We will so value the love of others that we will nurture and preserve them rather than snuff them out.
We will honor marriage vows as sacred to God
We will deal with honesty and integrity.
Not defrauding, misusing, or robbing.
Rejoice in other’s blessings without envy but with real contentment, even though those blessings might be more substantial than our own.

(We will love our neighbor as ourselves)

These are high standards but not too high for love. The proof that we are alive spiritually is not that we are full but that we are hungry.

Matt 5:6, “Blessed are those who hunger and thirst for righteousness, for they shall be filled.”


1. Do you long to be free from the power of sin?

Gal 2:20, “I have been crucified with Christ; it is no longer I who live, but Christ lives in me; and the life which I now live in the flesh I live by faith in the Son of God, who loved me and gave Himself for me.”

Rom 6:7, “For he who has died has been freed from sin.”

2. Do you long to be free from the love of sin?

Any Christian who is truly honest with himself will acknowledge that there is within him a love of sin (flesh). But there will also be a longing to be free from that love, a weariness of sin, and a growing attraction to Christ.

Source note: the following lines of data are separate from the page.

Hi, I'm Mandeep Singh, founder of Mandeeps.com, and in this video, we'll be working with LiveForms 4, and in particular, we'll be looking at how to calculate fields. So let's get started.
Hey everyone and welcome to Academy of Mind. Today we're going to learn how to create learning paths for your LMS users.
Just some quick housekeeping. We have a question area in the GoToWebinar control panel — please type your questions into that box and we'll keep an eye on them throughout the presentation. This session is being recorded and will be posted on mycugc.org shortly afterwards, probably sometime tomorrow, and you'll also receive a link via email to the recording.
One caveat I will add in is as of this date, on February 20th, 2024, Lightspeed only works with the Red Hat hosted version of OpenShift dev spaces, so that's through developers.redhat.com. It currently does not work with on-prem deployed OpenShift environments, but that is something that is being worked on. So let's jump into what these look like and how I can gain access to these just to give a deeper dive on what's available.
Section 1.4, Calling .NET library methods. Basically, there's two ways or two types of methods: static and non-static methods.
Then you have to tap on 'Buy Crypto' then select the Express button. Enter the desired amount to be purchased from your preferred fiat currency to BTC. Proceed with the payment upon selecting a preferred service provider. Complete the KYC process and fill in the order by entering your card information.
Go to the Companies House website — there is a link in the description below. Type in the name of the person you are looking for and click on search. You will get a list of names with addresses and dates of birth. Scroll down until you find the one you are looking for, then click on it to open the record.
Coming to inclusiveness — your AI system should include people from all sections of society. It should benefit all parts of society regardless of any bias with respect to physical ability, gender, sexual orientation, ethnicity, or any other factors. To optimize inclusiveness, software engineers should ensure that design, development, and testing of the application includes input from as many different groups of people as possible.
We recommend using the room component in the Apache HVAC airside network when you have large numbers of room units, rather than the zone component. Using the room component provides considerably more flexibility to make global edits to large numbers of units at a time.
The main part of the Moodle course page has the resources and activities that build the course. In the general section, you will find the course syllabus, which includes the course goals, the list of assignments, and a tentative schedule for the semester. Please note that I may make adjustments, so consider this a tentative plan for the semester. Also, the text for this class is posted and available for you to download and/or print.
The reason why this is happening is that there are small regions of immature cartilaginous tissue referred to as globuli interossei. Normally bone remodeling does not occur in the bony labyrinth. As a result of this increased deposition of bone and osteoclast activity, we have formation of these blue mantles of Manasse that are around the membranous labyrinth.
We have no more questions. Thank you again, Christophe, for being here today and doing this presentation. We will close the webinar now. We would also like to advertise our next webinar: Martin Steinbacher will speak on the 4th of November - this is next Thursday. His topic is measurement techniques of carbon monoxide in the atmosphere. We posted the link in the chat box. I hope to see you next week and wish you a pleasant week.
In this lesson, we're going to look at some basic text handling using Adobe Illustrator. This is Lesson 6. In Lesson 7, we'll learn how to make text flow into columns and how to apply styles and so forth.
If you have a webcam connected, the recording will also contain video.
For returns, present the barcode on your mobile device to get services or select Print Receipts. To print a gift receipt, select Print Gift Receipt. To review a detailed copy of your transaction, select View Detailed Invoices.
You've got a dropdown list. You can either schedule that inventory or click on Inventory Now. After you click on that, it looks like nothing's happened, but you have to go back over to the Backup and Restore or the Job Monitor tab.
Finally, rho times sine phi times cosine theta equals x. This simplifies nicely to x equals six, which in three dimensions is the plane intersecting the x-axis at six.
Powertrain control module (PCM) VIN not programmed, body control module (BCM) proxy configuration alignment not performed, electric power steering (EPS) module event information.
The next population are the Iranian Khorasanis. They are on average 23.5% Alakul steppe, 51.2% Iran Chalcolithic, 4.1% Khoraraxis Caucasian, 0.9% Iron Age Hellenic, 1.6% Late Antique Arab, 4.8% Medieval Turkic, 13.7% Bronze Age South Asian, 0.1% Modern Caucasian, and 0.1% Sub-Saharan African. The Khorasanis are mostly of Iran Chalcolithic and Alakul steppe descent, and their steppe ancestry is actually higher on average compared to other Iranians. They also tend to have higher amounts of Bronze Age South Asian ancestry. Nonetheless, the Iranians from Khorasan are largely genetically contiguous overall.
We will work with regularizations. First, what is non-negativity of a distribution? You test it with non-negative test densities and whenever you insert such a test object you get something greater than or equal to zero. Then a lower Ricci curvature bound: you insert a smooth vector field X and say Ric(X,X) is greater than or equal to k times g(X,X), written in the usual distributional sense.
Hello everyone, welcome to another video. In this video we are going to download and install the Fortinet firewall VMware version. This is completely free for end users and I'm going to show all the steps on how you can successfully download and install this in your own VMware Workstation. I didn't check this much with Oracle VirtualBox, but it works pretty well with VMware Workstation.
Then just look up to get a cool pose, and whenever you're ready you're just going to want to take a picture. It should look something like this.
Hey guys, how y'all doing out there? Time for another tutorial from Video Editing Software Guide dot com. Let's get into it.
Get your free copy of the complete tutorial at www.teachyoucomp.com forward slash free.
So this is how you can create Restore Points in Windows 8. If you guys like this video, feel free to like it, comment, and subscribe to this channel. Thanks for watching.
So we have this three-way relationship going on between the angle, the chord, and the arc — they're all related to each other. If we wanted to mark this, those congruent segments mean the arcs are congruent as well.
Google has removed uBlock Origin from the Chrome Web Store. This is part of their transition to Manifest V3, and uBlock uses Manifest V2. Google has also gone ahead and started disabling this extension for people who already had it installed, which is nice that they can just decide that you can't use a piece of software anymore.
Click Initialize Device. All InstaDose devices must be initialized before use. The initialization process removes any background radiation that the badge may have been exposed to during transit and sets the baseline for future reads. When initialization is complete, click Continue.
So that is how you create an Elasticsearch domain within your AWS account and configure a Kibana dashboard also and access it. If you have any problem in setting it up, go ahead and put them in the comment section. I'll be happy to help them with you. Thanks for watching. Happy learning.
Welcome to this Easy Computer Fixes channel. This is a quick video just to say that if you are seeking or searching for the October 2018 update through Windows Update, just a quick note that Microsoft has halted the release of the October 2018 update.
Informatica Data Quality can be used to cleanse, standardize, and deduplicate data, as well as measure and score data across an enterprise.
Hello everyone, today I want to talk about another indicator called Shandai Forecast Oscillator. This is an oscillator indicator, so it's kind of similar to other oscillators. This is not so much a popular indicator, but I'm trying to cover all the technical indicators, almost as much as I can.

3. Are you beginning to hate the sin in you because it is an offense to God? We begin to see the sin for what it really is, a love of self and exalting self as God.

4. Do you hunger for God, not merely for the things of God, but for God Himself?

Ps 42:1, “As the deer pants for the water brooks,

So pants my soul for You, O God.”

Ps 63:1

“O God, You are my God;

Early will I seek You;

My soul thirsts for You;

My flesh longs for You

In a dry and thirsty land

Where there is no water.”

5. Do you long to know God in a deeper intimacy than ever before?

Phil 3:10, “That I may know Him and the power of His resurrection, and the fellowship of His sufferings, being conformed to His death”

6. Do you long to be like Jesus?

John 8:29, “And He who sent Me is with Me. The Father has not left Me alone, for I always do those things that please Him."

If your answers were yes to these questions, even if that yes is weak, you have a hunger and thirst for righteousness. This hunger, generated by the indwelling Holy Spirit, is the earnest of “being filled.”